The Art of Being Human
Part of me kind of wants to go, because reading Pema Chödrön really helped pull me through some dismally dark times. Another part of me wants to go, for the rare opportunity of being in a room full of people who drive Priuses instead of mammoth SUVs with 'W' stickers on the bumpers. And yet another part of me wants to go because for ONCE I could be pretty fucking certain that nobody will be serving me deep fried pig penises boiled in the same damn vat of rancid trans-fats they've been re-using for the past 20 years.
But these are extremely tiny parts of me, compared to the hugest part of me, the majority part of me, the part that wants to run shrieking out of the room and burst into flames at the mere thought of paying $125 to be cooped up for three days with this kind of pampered white privilege. And it's not even about the money, because they do offer sliding scale scholarships for those who can't pay.
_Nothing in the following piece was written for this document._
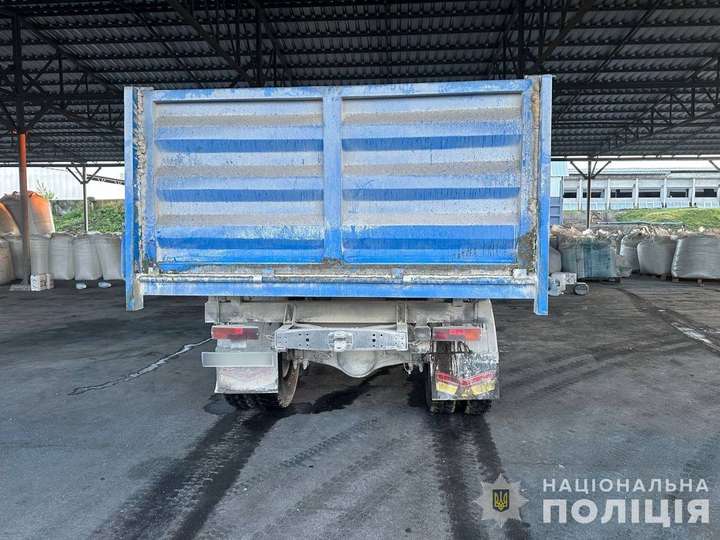 На підприємстві у Вінницькій області вантажівка переїхала працівника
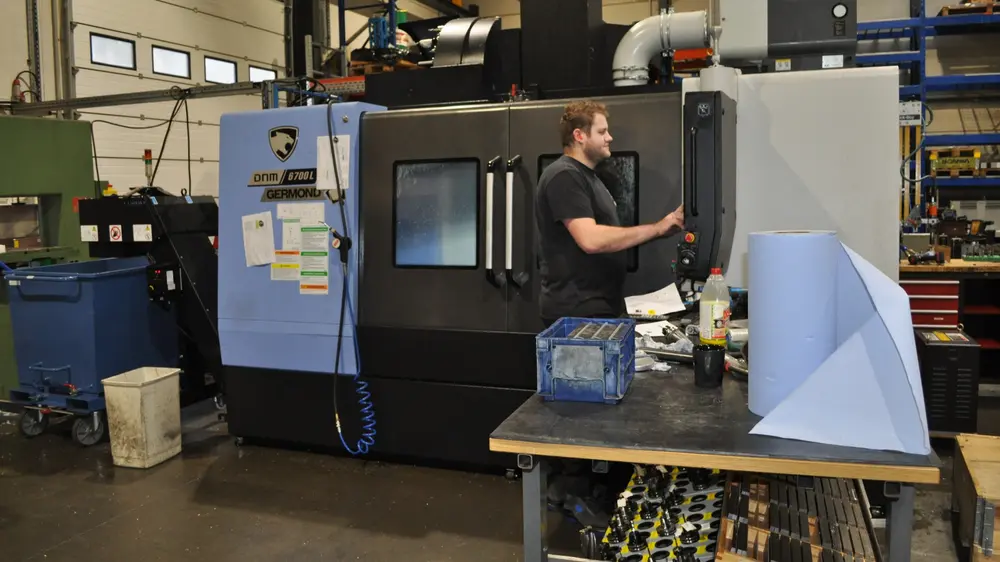 “De DNM 750L is een hoogproductief verticaal bewerkingscentrum met een grote X‑as verplaatsing (tot 2160 mm), hoge stijfheid en stabiliteit, een oliekoelersysteem om thermische vervorming te beperken en nauwkeurigheid te behouden en direct‑drive, ingebouwde of riemaangedreven spindels (afhankelijk van configuratie)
I mean, please: "The Art of Being Human"? Hell. You want to see some true Masters of meditation in action? Go to any of the packed waiting rooms at Our Lady of the Damned. These ugly, drab, grungy, noisy, cluttered, crowded, smelly, uncomfortable rooms are the "workshops" where I learned to sit in perfect stillness for eight hours or more. This is where I learned to transcend my own jumbled thoughts, desires, physical pains, and frantic emotions; to tune out the noisy world blaring its distracting Regis Philbins and Bob Barkers and Judge Judys; to let go of striving for goals, to abandon hope of fruition; to feel at one with my fellow sufferers; to wait in utter stillness, with Cosmic patience, compassion, and a quiet empty mind. This is where I learned to respect not so much the "Art," but the Challenge of Being Human, of Staying Human, under conditions designed to brutally dehumanize.
The sad truth is, I can't do it, I can't accept the invitation. I've just lost the ability, lost the desire to be part of that tasteful, elegant, self-consciously uncluttered world any more. It doesn't feel real to me. It leaves me empty, but with the wrong kind of emptiness.
I do my weekly meditation at the funky rundown neighborhood washateria now, with the other poor people. We sit together in stillness, watching sheets tumble in the dryers, folding towels with empty minds, letting go of attachment to machines that work and won't steal our money. This is what really feels like The Art of Being Human to me now. Aum.